No one can deny just how broad a question this is.

Truth is, many of us are perfectly aware of how superficial society has become, yet not many of us are willing to address it. It is a trend now for people to comment bluntly on an individual’s physical appearance, clothes, brands, smell and just about everything that really should not matter. And just in case no one said this before, let me reiterate: this is wrong.

Truth is, I’ve been there. I’m still there in fact. Some things I do in my life, I do to please others – or rather so that others will leave me alone. I am willing to admit that. When I met up with some people in Turkey I hadn’t seen in two or three years, their first comment was: “well you’re fat.” Yes, I had put on weight – because of all the medication I had to take for a serious illness. But that was not the important part. The important part was the fact that I had become unattractive.

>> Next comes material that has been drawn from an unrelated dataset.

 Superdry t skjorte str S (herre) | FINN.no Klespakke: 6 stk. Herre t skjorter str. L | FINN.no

When I told some of my other friends about the comments, their advice (as I’m sure is the advice some of my readers would have) was to find new friends, because they are clearly not accepting me as myself. Yet I keep on hearing about people being judged for their weight or some other nonsense. Some companies are even trying to play off that feeling and promoting diet pills, the medicinal value of which could be questioned.

So obviously we have a problem.

We have channelled so much of this “if you are not anorexic, you will die lonely” or “if you are not wearing this brand of clothing, the roof will collapse on your head” ideology that it’s now become a serious disease. And it is affecting all segments of society and every interaction.

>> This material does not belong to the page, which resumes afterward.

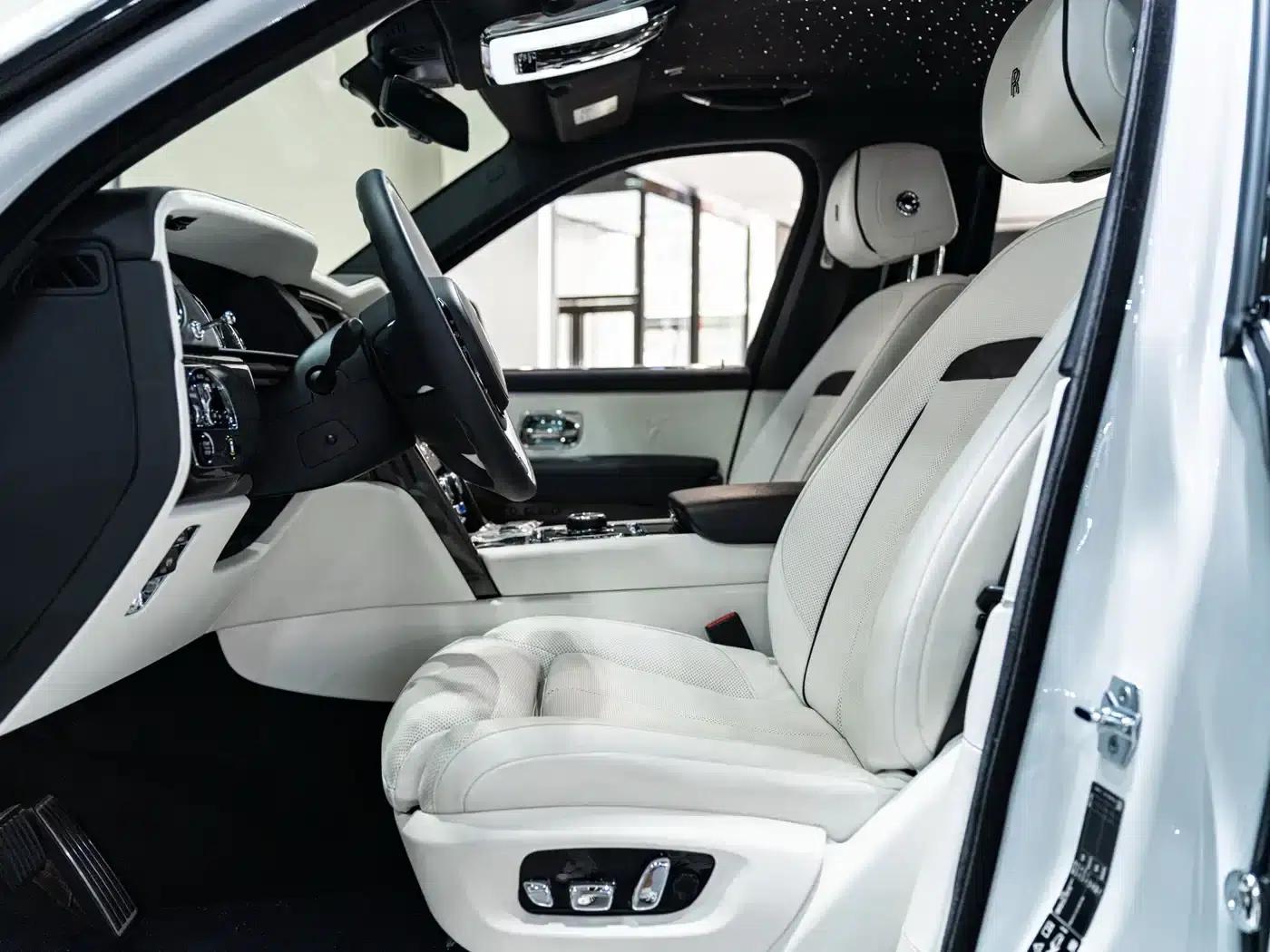 2020 Cullinan Black Badge — миниатюра 14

The image we set in the mind of younger generations, where the importance placed on clothes, musical taste, physical appearance and other petty things are overplayed, is simply horrendous. Adults should be perfectly aware that when on the receiving end of this, insecurity festers in one’s mind, eventually overpowering all sense of logic, self-confidence and respect. Yet we chose to ignore this. And it goes on to affect kids, causing ever younger minds to experience “insecurity”. Once this superficialness gets hold of a crowd to turn it into a mob, it is suffocating for anyone who dares be themselves. And all genuine efforts to foster independence and uniqueness are then lost.

I am scaring myself as I write this, because I am seeing clearly that even as an adult, I’ve let this pattern of thought get to me. And what’s even more scary is the fact that I can’t seem to be able to shake it off: The reason why I leave the gym aching to the bone in the process of trying to lose weight is not for any reason other than to stop my weight coming up in conversations. And every time I see I haven’t lost any weight, I sigh at the thought of having to force a smile at every joke about how much I must be eating.

Then again, the thought of just how many people must be doing the same or how many parents have to dish out hard earned money for expensive clothes their kids need in order to “fit in” are things that worry me even more.

Everyone in our lives is a mirror. We see the reflection of ourselves in them. And we should not look at the ones that show us in a displeasing light. Yet they are everywhere, and what we need right now is sunlight and some fresh air.

Şeref İşler is a journalist at the BBC World Service’s Turkish section.